- About this exercise -
Write out again the lines from the line with "Finally, slide the" up to and including the line with "I hope you loved", exactly as they stand below, and skip any picture.
Provided records section start
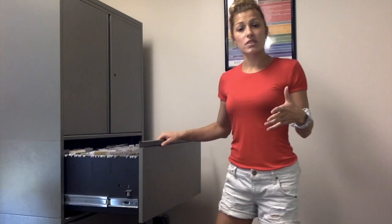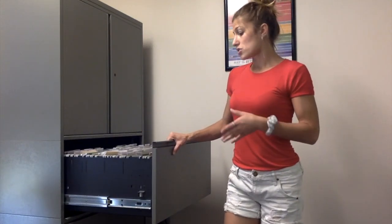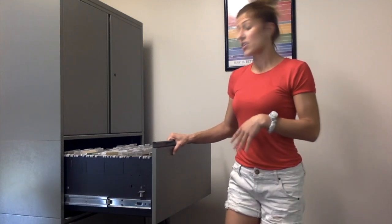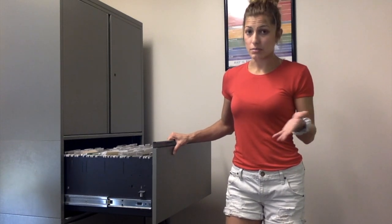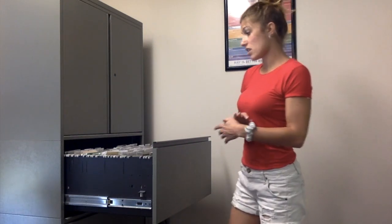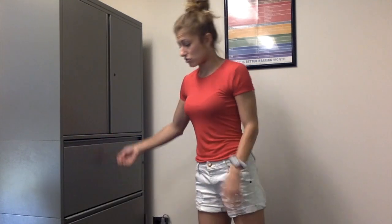In the first drawer, you'll find all of our screening forms that you should prepare prior to your screening depending on your client. There are case histories for children and adults, as well as a hearing handicap inventory for adults and the elderly, and a preschool or school-age sifter that you might need depending on the child, as well as your screening form, which is essential. You can also find informational forms helpful to the family or adult client, and screening forms appropriate if you're performing an APD screener.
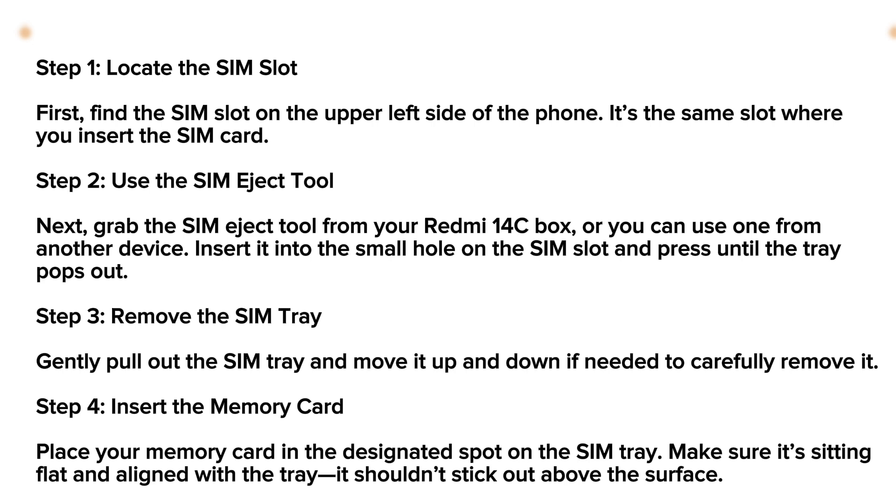Finally, slide the SIM tray back into the phone by gently pressing it with your finger until it's securely in place. And that's it — you've successfully inserted a memory card into your Redmi 14C.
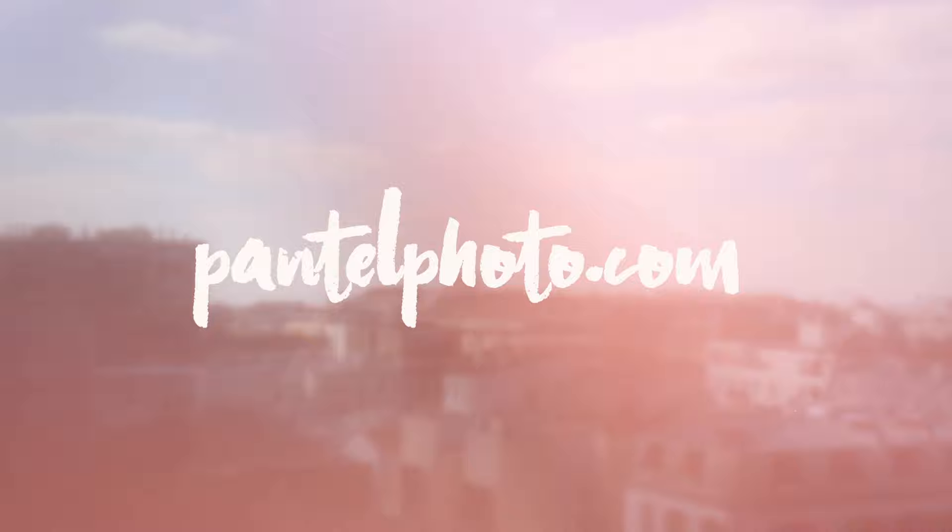I hope you loved this video and if you did, definitely give it a thumbs up and subscribe to my photography channel — that would mean so much to me. Kisses from Paris, thanks so much for watching. You can find me on Instagram at mpantel, or follow me on my blog at pantelfoto.com. Bye guys!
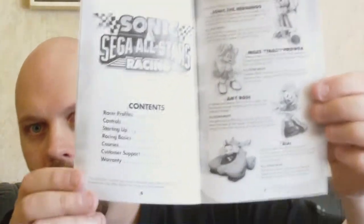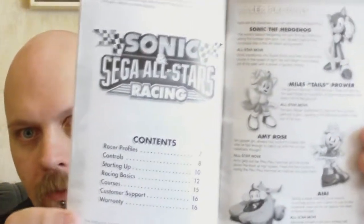Let's see the manual. Back in black and white, sadly. Bring the color back, people. There is an example of the manual.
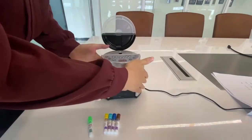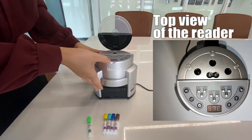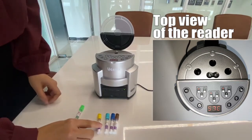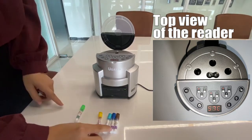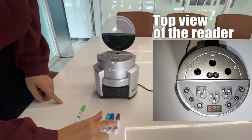We have two modes. The first mode is for 58 degrees centigrade incubation. In this mode we can incubate four types of BI: 20-minute VHP BI, 20-minute steam BI, one-hour steam BI, and three-hour steam BI.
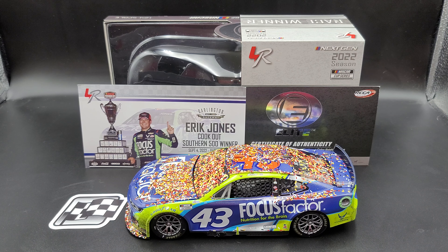Hey everyone, Jason back once again with another NASCAR diecast review. Today we'll take a look at the Eric Jones 2022 Darlington race win 1/24 scale Flash Coat Color Elite. I picked mine up from my friends over at lionelracing.com — link to their website will be in the video description below.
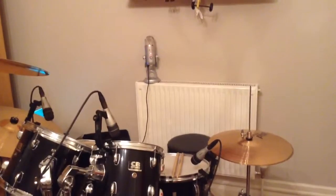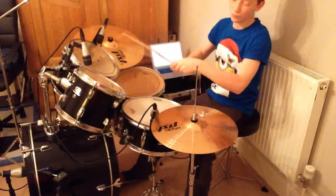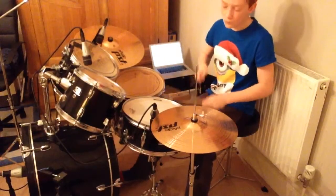The first one is going to be behind my kit, just facing the snare drum.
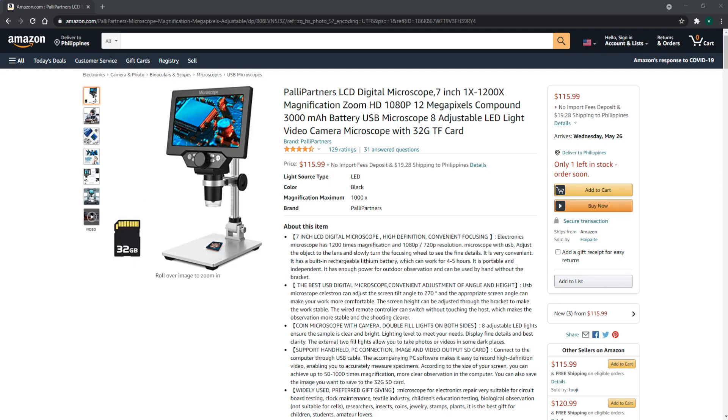It's powered by USB. The microscope has 8 adjustable LED lights, and the video camera microscope also comes with a 32GB TF card. The electronic microscope has 1200x magnification and you can set it to 720p or 1080p.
Provided records section end
- Your response -
Finally, slide the SIM tray back into the phone by gently pressing it with your finger until it's securely in place. And that's it — you've successfully inserted a memory card into your Redmi 14C.
I hope you loved this video and if you did, definitely give it a thumbs up and subscribe to my photography channel — that would mean so much to me. Kisses from Paris, thanks so much for watching. You can find me on Instagram at mpantel, or follow me on my blog at pantelfoto.com. Bye guys!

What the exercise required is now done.